Balancing Privacy and Machine Learning


If users don’t know the importance of their data and how to exercise their rights, we’re doomed

Darren Redfern, CTO skritswap

Machine Learning is a science that depends on algorithms. The algorithm tells the computer the exact steps needed to use data to solve a problem. The computer collects prior solutions to predict future solutions. It then suggests a result based on previous experience.

In most cases, these systems learn from the actions of many users to learn how to service the larger user community. What if those actions contain information that might be private or confidential? Will the future outputs of the algorithms expose sensitive information? What can we do about this?

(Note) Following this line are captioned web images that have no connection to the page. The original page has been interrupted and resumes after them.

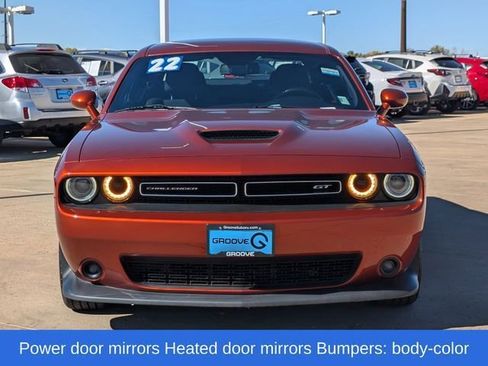 Used 2022 Dodge Challenger GT image 6
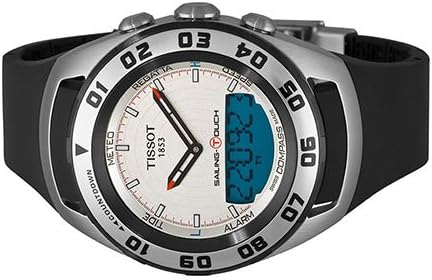 Tissot Sailing T-Touch, analog, 45 mm – T0564202703100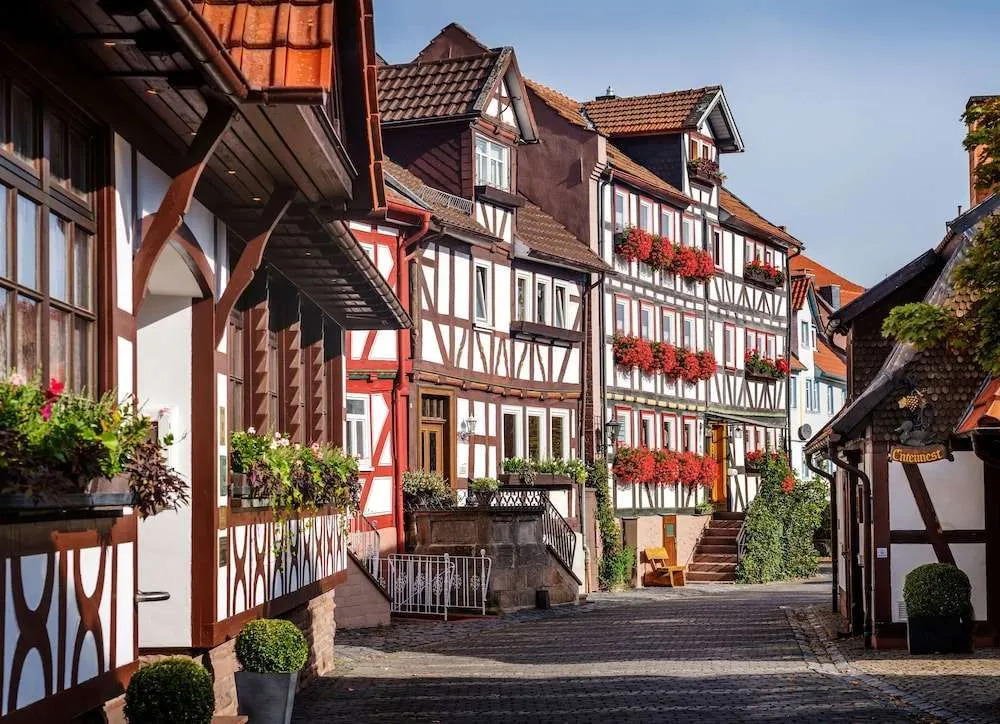 SCHUBERT Genusshotel - Romantik Hotel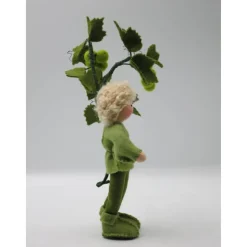 Weintrauben Junge - Jahreszeitentisch - Waldorf - Blumenkinder - Art.Nr. HE17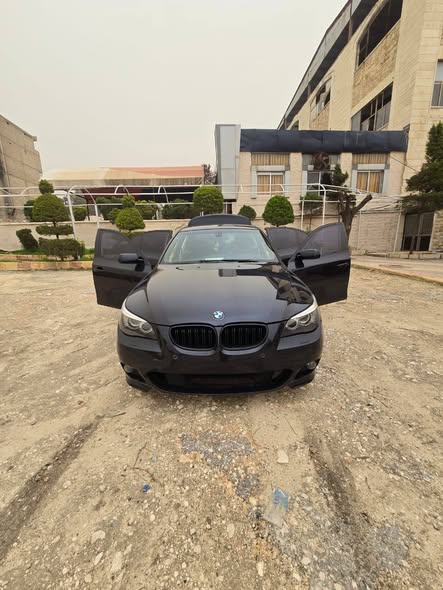 بي ام دبليو 5 Series 2009 - صورة 4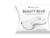 color Silky Satin White 2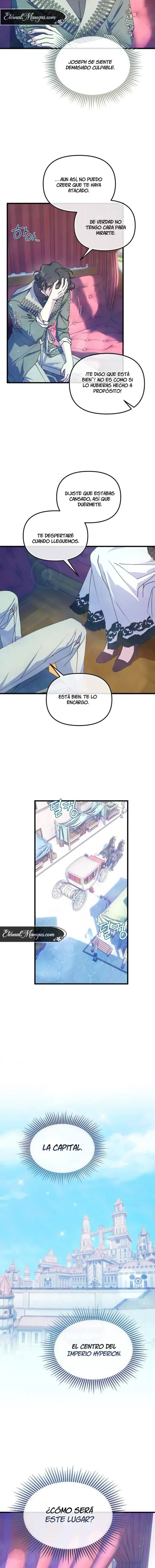 Solo me quedaré al lado del protagonista. capítulo 75, página 14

The risk level depends on circumstances, including:

  • What type of data is being used?
  • Where did that data come from?
  • How detailed is the data in the application and its output?

In some machine-learning applications, like image recognition systems, the privacy risks are low to none. If a specific person contributes training data by labelling the content in an image, that data cannot be traced back to that specific person by looking at the output of the algorithm.

However, if the data collected is more textual (written or oral), the privacy issues are complex. Take for example, a system that analyzes people’s emails to develop automated responses. It would need to be cautious that sensitive or personally-identifiable information does not pass through. At the same time, this kind of personalization might be desirable in suggestions offered to the user that the system learned from.

So, how do we balance the benefit to the larger community with the privacy of the individuals in that community? The answer lies in combining approaches:

  • Explicit Opt-Outs

Tell users their data is being used to create ML models for use with a larger audience. And show how they can keep specific data out of the results. In our example above, users can mark all or part of an email as private, so it won’t be used in models offered to other users.

  • Data Filtering

Don’t leave it to users to protect their sensitive information. ML systems can be trained to identify data that might be considered too private for general use. This is using ML both for the business purpose and for making the system itself more responsible.

  • Granularity Control

Those who build these algorithms must pay attention to the details—the many small and distinct parts–of how they process and put out the information. Doing so can minimize the risks.

So, an algorithm might analyze the structure and meaning in complete sentences, while it puts out suggestions at a different level (phrase or word). Then whole sentences can be built up from these smaller units. The issue of data privacy in machine learning is deeper than the examples examined here. Each company using it needs to design their approach to maximize automation while minimizing the exposure of personal information. The confidence clients can have in the result are worth the effort.